# Tab Play September
- This notebook covers my code for the **Tabular Playground Series - September challenge**, which can be found [here](https://www.kaggle.com/c/tabular-playground-series-sep-2021).
- In this notebook, I have used an **Auto-Visualization Library** for visualizing the data, which can be found [here](https://github.com/AutoViML/AutoViz).
- I have used **Mean Imputation** for all the features having NULL(s)
- After that, I have determined the **PCC (Pearson Correlation Coefficient)** of all the features with the 'claim' variable, and eliminated all those features having |PCC| <= 0.0025, based on the fact that they don't explain the target variable to any considerable extent.
- Also, I standardized all the features with the help of **StandardScaler**
- I also tried using **PCA (Principal Component Analysis)**, but it only deteriorated the score, hence, I didn't use it in the final submission.
- For training purposes, I used multiple models such as **Gaussian Naive Bayes**, **Logistic Regression**, **Gradient Boosting Classifier**, and **Light Gradient Boosted Machine (LGBM)**, out of which LGBM gave the best score.

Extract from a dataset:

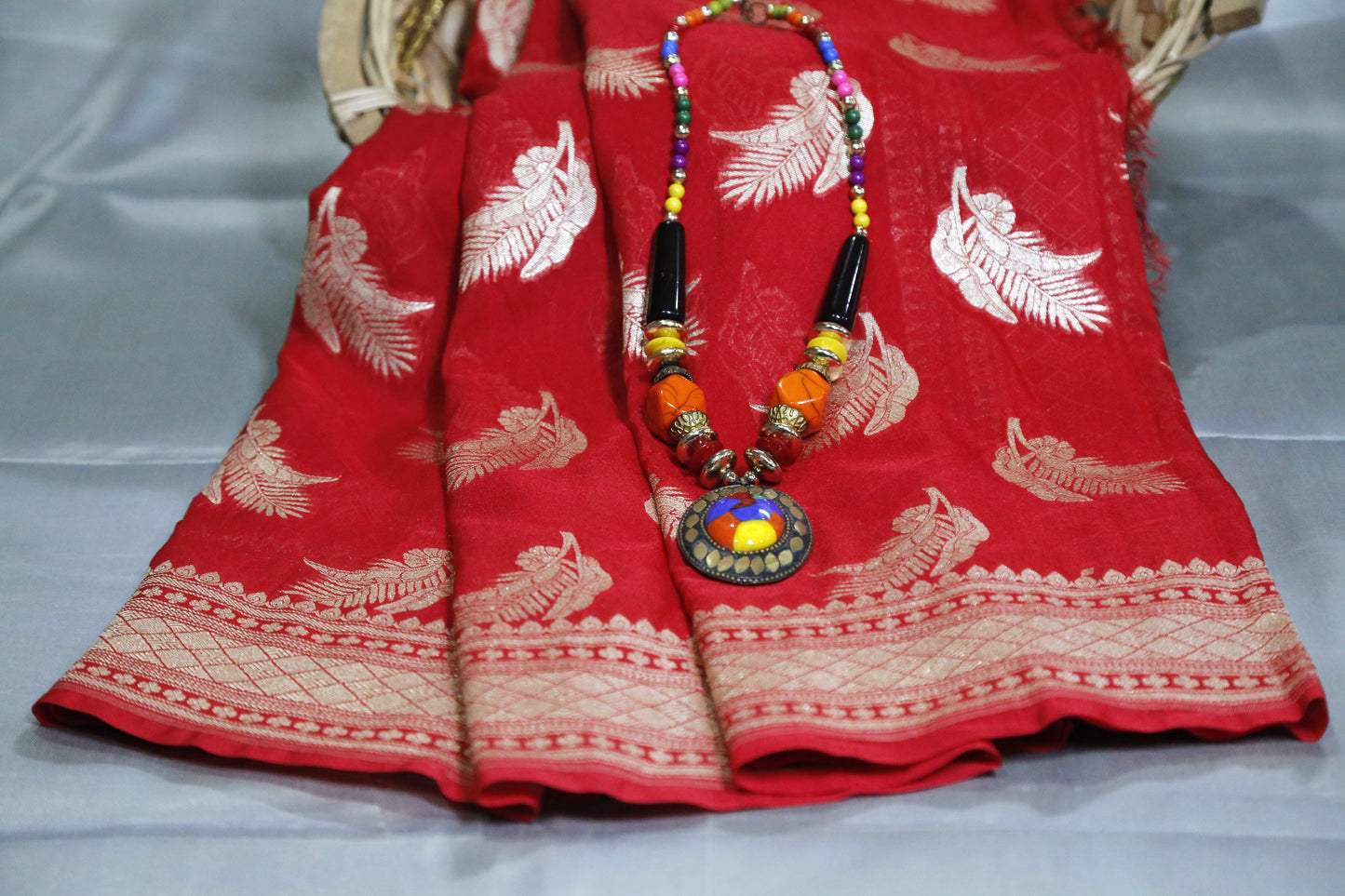 Esra Handloom/Handwoven Banarasi Semi Khaddi Georgette Saree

**I would love to improve my existing score and am open to any suggestions. Please do leave them in the comments section, and if you liked my work, an upvote would be awesome :)**

In [None]:
!pip install xlrd
!pip install autoviz

In [None]:
import numpy as np
import pandas as pd
import seaborn as sns
import matplotlib.pyplot as plt

from tqdm import tqdm
from sklearn.impute import SimpleImputer
from sklearn.preprocessing import StandardScaler
from sklearn.metrics import roc_auc_score
from sklearn.linear_model import LogisticRegression
from sklearn.model_selection import train_test_split
from sklearn.naive_bayes import GaussianNB
from sklearn.ensemble import RandomForestClassifier
from sklearn.decomposition import PCA
from lightgbm import LGBMClassifier
from autoviz.AutoViz_Class import AutoViz_Class

import os
for dirname, _, filenames in os.walk('/kaggle/input'):
    for filename in filenames:
        print(os.path.join(dirname, filename))

# Importing the Dataset

In [None]:
df_train = pd.read_csv("../input/tabular-playground-series-sep-2021/train.csv")
df_test = pd.read_csv("../input/tabular-playground-series-sep-2021/test.csv")
df_sub = pd.read_csv("../input/tabular-playground-series-sep-2021/sample_solution.csv")

In [None]:
print(df_train.shape)
df_train.info(verbose=True, show_counts=True)

In [None]:
print(df_test.shape)
df_test.info(verbose=True, show_counts=True)

In [None]:
# Keeping a separator variable and the target variable
sep = df_train.shape[0]
Y = df_train["claim"]

# Dropping the IDs and the target variable
df_train.drop(["id", "claim"], axis=1, inplace=True)
df_test.drop(["id"], axis=1, inplace=True)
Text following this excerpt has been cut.